(TO DO) In the listing below, the answer starts at the line that has "Cable Tipo C" and stops after the line that has "Kc Chiefs And Kc Royals Heart T-Shirt"; please repeat that part exactly and nothing more.
[[ TASK MATERIAL open ]]
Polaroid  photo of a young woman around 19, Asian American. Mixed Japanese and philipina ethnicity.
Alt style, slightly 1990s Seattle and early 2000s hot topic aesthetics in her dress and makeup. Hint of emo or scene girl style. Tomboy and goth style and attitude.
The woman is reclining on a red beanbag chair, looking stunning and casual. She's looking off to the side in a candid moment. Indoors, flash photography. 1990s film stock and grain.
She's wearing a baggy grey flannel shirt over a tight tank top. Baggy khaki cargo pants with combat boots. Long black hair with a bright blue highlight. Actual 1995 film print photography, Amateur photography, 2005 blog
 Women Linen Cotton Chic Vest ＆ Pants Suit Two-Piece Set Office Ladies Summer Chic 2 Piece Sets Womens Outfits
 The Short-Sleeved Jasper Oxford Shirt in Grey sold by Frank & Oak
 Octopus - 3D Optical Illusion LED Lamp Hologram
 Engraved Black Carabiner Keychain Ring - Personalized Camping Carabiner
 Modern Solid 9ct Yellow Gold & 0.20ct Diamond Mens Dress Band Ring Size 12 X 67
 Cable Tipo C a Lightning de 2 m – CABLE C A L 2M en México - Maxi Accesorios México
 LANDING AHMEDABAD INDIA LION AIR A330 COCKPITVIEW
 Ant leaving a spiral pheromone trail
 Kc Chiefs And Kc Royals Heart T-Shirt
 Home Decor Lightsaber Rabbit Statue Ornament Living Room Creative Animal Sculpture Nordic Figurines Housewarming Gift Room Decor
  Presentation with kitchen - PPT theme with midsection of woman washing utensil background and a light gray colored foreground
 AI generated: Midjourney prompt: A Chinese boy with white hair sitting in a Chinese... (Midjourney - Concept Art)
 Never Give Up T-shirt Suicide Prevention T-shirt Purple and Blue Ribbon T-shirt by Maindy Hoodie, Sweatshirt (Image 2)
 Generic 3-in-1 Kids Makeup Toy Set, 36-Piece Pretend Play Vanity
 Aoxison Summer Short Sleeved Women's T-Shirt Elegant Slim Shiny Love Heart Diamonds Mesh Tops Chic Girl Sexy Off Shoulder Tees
[[ TASK MATERIAL closed ]]
(RESPONSE)
 Cable Tipo C a Lightning de 2 m – CABLE C A L 2M en México - Maxi Accesorios México
 LANDING AHMEDABAD INDIA LION AIR A330 COCKPITVIEW
 Ant leaving a spiral pheromone trail
 Kc Chiefs And Kc Royals Heart T-Shirt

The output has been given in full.